E-Trade Snaps Up Specialty Stock Service for $100M

By Michael Liedtke
AP Business Writer
Wednesday, April 10, 2002; 8:21 PM

SAN FRANCISCO –– E-Trade Group Inc. said Wednesday it will pay at least $100 million for a specialty service that will nearly double its stock trading volume and trump rival Ameritrade's plans to become the busiest online broker.

With the purchase of New York-based Tradescape and its portfolio of gung-ho stock traders, Menlo Park-based E-Trade expects its volume to balloon from an average of 114,000 trades during 2001 to more than 200,000 when the deal closes later this summer.

Omaha, Neb.-based Ameritrade projects a daily volume of 164,000 trades after it completes its $1.29 billion takeover of Datek, a deal announced Monday. San Francisco-based Charles Schwab, which boasts the most online brokerage accounts, handles about 152,000 online trades per day.

E-Trade expects Tradescape, founded in 1997, to give the company more than just bragging rights.

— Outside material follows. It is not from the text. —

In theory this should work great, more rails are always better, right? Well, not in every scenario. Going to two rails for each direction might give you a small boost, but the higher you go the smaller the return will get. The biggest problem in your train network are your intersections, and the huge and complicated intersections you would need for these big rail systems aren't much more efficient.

The deal will expose E-Trade to a new breed of customer — "highly active" traders who take their investments so seriously that they prefer not to buy and sell stocks from their home computers. Instead, these traders gather in 19 Tradescape offices around the country and immerse themselves in a whirl of information as they wheel and deal with the zeal of Wall Street professionals.

"These guys view this as if it's their job and they want to be doing it around other traders," said Jarrett Lilien, E-Trade's chief brokerage officer.

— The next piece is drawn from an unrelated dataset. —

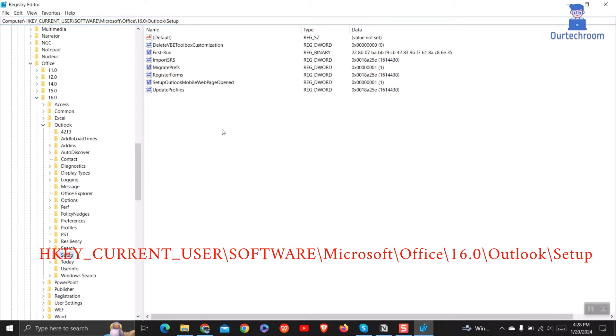Select Setup, then come to the right side, right click mouse, and then select New, then DWORD 32-bit value.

Like other online traders, E-Trade's brokerage business has suffered during the past two years as the stock market's steep downturn scared off casual day traders who had flocked to the Web in the late 1990s when unprofitable Internet companies soared in value.

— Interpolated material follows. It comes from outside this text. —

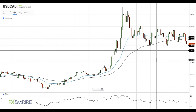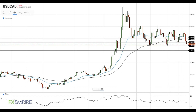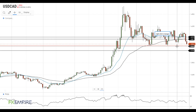Hi, this is Vlad from FXEmpire. The Canadian dollar continues to gain ground against the US dollar. The pair has breached the minor support level at 1.39 and has good chances to test the major support level at 1.3850.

Tradescape customers, though, have continued to trade at a robust rate even during the volatility of the past two years, making E-Trade's acquisition look like a good move, said Richard Repetto of Putnam Loveall Securities. "This helps diversify their business by giving them a new segment of the market," Repetto said.

As a privately held company, Tradescape doesn't disclose profits, but the company is apparently bullish about its prospects.

If Tradescape's business hits its "aggressive" earnings targets during the rest of this year and next year, E-Trade will boost the purchase price from $100 million to as much as $280 million.

Lilien said he won't be surprised if Tradescape reaches its financial goals and forces E-Trade to pay more. E-Trade expects Tradescape to help it make slightly more money this year and anticipates an earnings boost of as much as 10 percent next year, after factoring in the possibility the company might have to raise the purchase price.

E-Trade will pay the bill with its own stock, which gained 9 cents to close at $9.05 Wednesday on the New York Stock Exchange. The company announced the Tradescape deal after the market closed.

With the Tradescape acquisition, E-Trade also expands upon its effort to add more offices to its online network. The company has opened five "financial centers" in New York, San Francisco, Denver, Boston and Beverly Hills, as well as small several dozen branches within Target stores.

Tradescape's 20 offices are spread through 10 states: New York, Texas, Florida, New Jersey, Colorado, Connecticut, California, Georgia, Illinois and Wisconsin. Tradescape also has an office in the United Kingdom.

In a separate deal disclosed Wednesday, E-Trade said it will pay A.B. Watley $5 million for the ownership rights to stock trading technology that it has previously licensed for use on its site.